At Insider Monkey we scour multiple sources to uncover the next great investment idea. We read hedge fund investor letters and listen to stock pitches at hedge fund conferences. Hedge fund sentiment towards Tesla reached its all time high at the end of 2019 and Tesla shares more than tripled this year. We are trying to identify other EV revolution winners, so we are checking out this tiny lithium stock. Keeping this in mind let’s take a look at the key hedge fund action regarding Dolby Laboratories, Inc. (NYSE:DLB).

How have hedgies been trading Dolby Laboratories, Inc. (NYSE:DLB)?

At the end of the first quarter, a total of 29 of the hedge funds tracked by Insider Monkey held long positions in this stock, a change of -6% from one quarter earlier. By comparison, 29 hedge funds held shares or bullish call options in DLB a year ago. So, let’s find out which hedge funds were among the top holders of the stock and which hedge funds were making big moves.

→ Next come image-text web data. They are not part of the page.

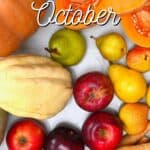 What's in Season – October Produce and Recipes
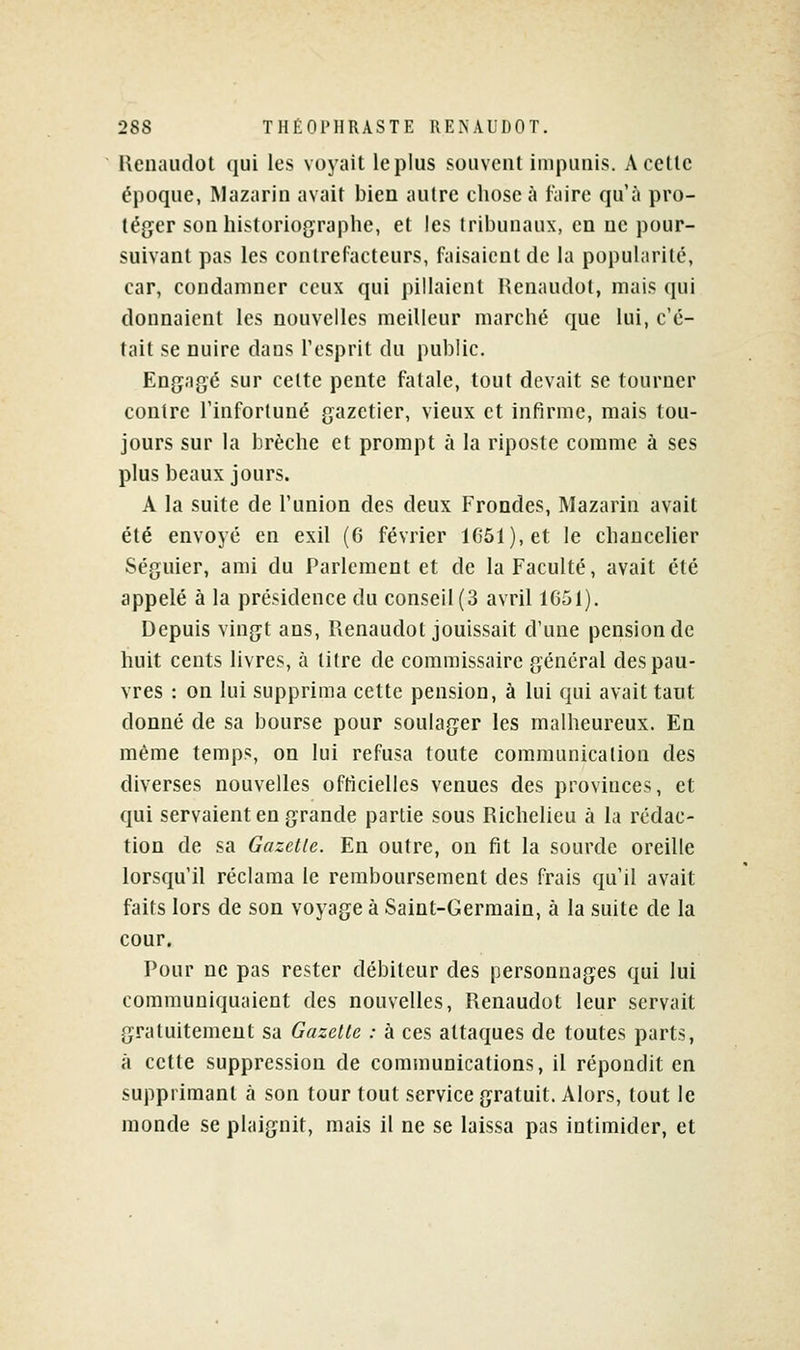 Renaudot qui les voyait le plus souvent impunis. A cette époque, Mazarin avait bien autre chose à faire qu'à pro- téger son historiographe, et les Iribunaiix, en ne pour- suivant pas les conlrel'acteurs, faisaient de la popularité, car, condamner ceux qui pillaient Renaudot, mais qui donnaient les nouvelles meilleur marché que lui, c'é- tait se nuire dans Tesprit du public. Engagé sur cette pente fatale, tout devait se tourner contre l'infortuné gazetier, vieux et infirme, mais tou- jours sur la brèche et prompt à la riposte comme à ses plus beaux jours. A la suite de l'union des deux Frondes, Mazarin avait été envoyé en exil (6 février 1651), et le chancelier Séguier, ami du Parlement et de la Faculté, avait été appelé à la présidence du conseil (3 avril 1651). Depuis vingt ans, Renaudot jouissait d'une pension de huit cents livres, à titre de commissaire général des pau- vres : on lui supprima cette pension, à lui qui avait tant donné de sa bourse pour soulager les malheureux. En même temps, on lui refusa toute communication des diverses nouvelles oftîcielles venues des provinces, et qui servaient en grande partie sous Richelieu à la rédac- tion de sa Gazette. En outre, on fit la sourde oreille lorsqu'il réclama le remboursement des frais qu'il avait faits lors de son voyage à Saint-Germain, à la suite de la cour. Pour ne pas rester débiteur des personnages qui lui communiquaient des nouvelles, Renaudot leur servait gratuitement sa Gazette : à ces attaques de toutes parts, à cette suppression de communications, il répondit en supprimant à son tour tout service gratuit. Alors, tout le monde se plaignit, mais il ne se laissa pas intimider, et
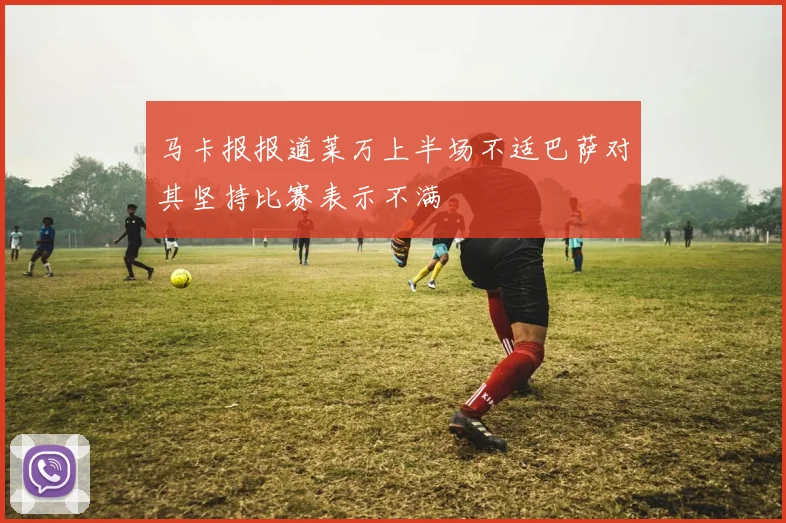 马卡报报道莱万上半场不适巴萨对其坚持比赛表示不满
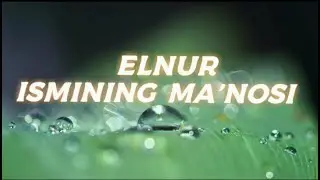ELNUR ISMINING MA'NOSI 
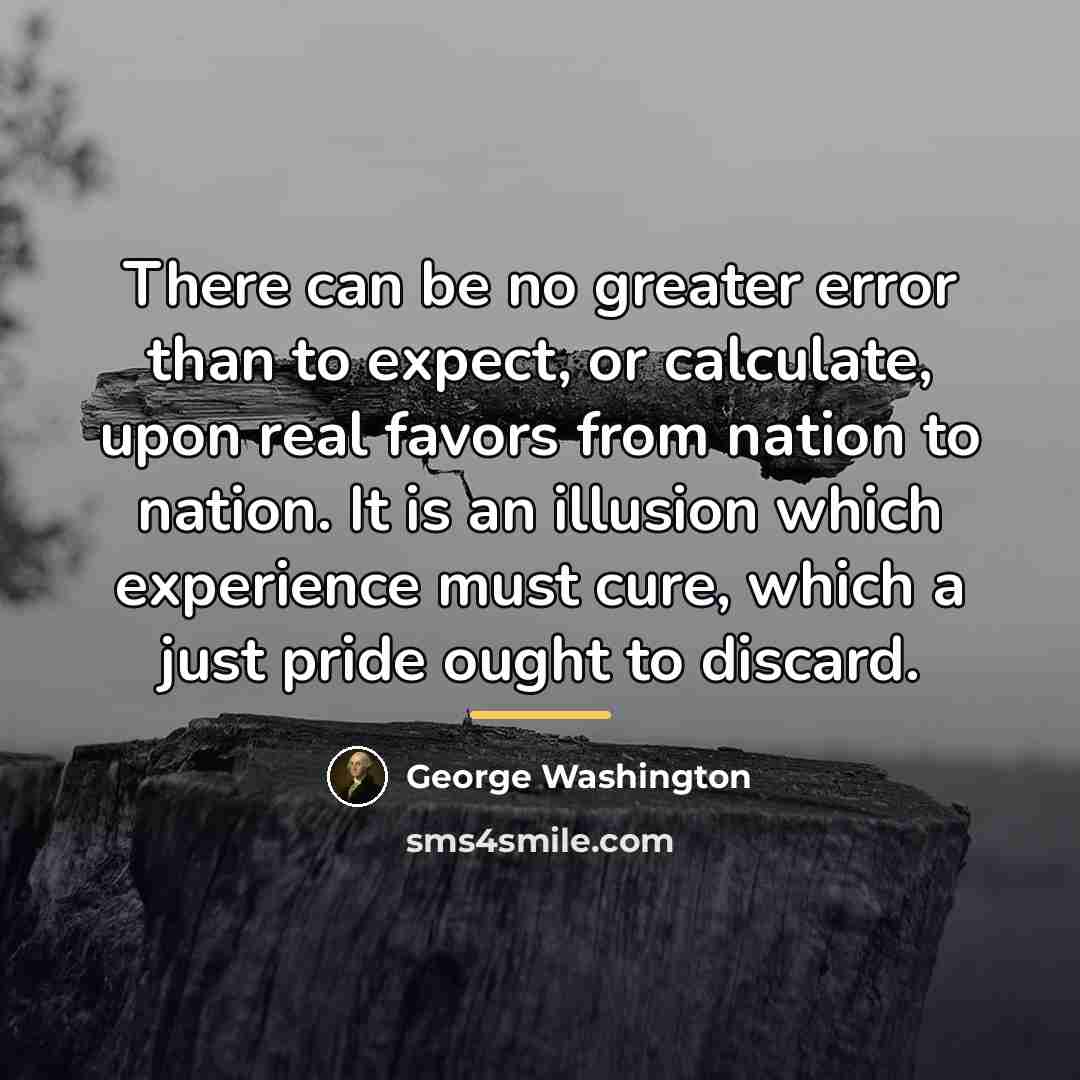 “There can be no greater error than to expect, or…” quote by George Washington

Is DLB A Good Stock To Buy?

When looking at the institutional investors followed by Insider Monkey, Renaissance Technologies, holds the most valuable position in Dolby Laboratories, Inc. (NYSE:DLB). Renaissance Technologies has a $109.8 million position in the stock, comprising 0.1% of its 13F portfolio. Sitting at the No. 2 spot is Nantahala Capital Management, led by Wilmot B. Harkey and Daniel Mack, holding a $45.4 million position; the fund has 1.7% of its 13F portfolio invested in the stock. Other peers that are bullish include Ed Bosek’s BeaconLight Capital, Brian Ashford-Russell and Tim Woolley’s Polar Capital and Michael Price’s MFP Investors. In terms of the portfolio weights assigned to each position BeaconLight Capital allocated the biggest weight to Dolby Laboratories, Inc. (NYSE:DLB), around 8.3% of its 13F portfolio. Trigran Investments is also relatively very bullish on the stock, dishing out 6.22 percent of its 13F equity portfolio to DLB.

Due to the fact that Dolby Laboratories, Inc. (NYSE:DLB) has faced bearish sentiment from the aggregate hedge fund industry, it’s easy to see that there exists a select few fund managers that elected to cut their entire stakes heading into Q4. Intriguingly, Bijan Modanlou, Joseph Bou-Saba, and Jayaveera Kodali’s Alta Park Capital dropped the biggest stake of the 750 funds watched by Insider Monkey, totaling an estimated $26.7 million in stock. Donald Sussman’s fund, Paloma Partners, also cut its stock, about $3.2 million worth. These moves are interesting, as total hedge fund interest was cut by 2 funds heading into Q4.

Let’s check out hedge fund activity in other stocks – not necessarily in the same industry as Dolby Laboratories, Inc. (NYSE:DLB) but similarly valued. These stocks are Bausch Health Companies (NYSE:BHC), Mohawk Industries, Inc. (NYSE:MHK), Ally Financial Inc (NYSE:ALLY), and Whirlpool Corporation (NYSE:WHR). This group of stocks’ market valuations match DLB’s market valuation.

Ticker No of HFs with positions Total Value of HF Positions (x1000) Change in HF Position
BHC 35 1566790 4
MHK 36 585591 -4
ALLY 45 931554 -9
WHR 25 567352 -3
Average 35.25 912822 -3

View table here if you experience formatting issues.

As you can see these stocks had an average of 35.25 hedge funds with bullish positions and the average amount invested in these stocks was $913 million. That figure was $374 million in DLB’s case. Ally Financial Inc (NYSE:ALLY) is the most popular stock in this table. On the other hand Whirlpool Corporation (NYSE:WHR) is the least popular one with only 25 bullish hedge fund positions. Dolby Laboratories, Inc. (NYSE:DLB) is not the least popular stock in this group but hedge fund interest is still below average. Our calculations showed that top 10 most popular stocks among hedge funds returned 41.4% in 2019 and outperformed the S&P 500 ETF (SPY) by 10.1 percentage points. These stocks gained 12.3% in 2020 through June 30th but beat the market by 15.5 percentage points. A small number of hedge funds were also right about betting on DLB, though not to the same extent, as the stock returned 22% during the second quarter and outperformed the market.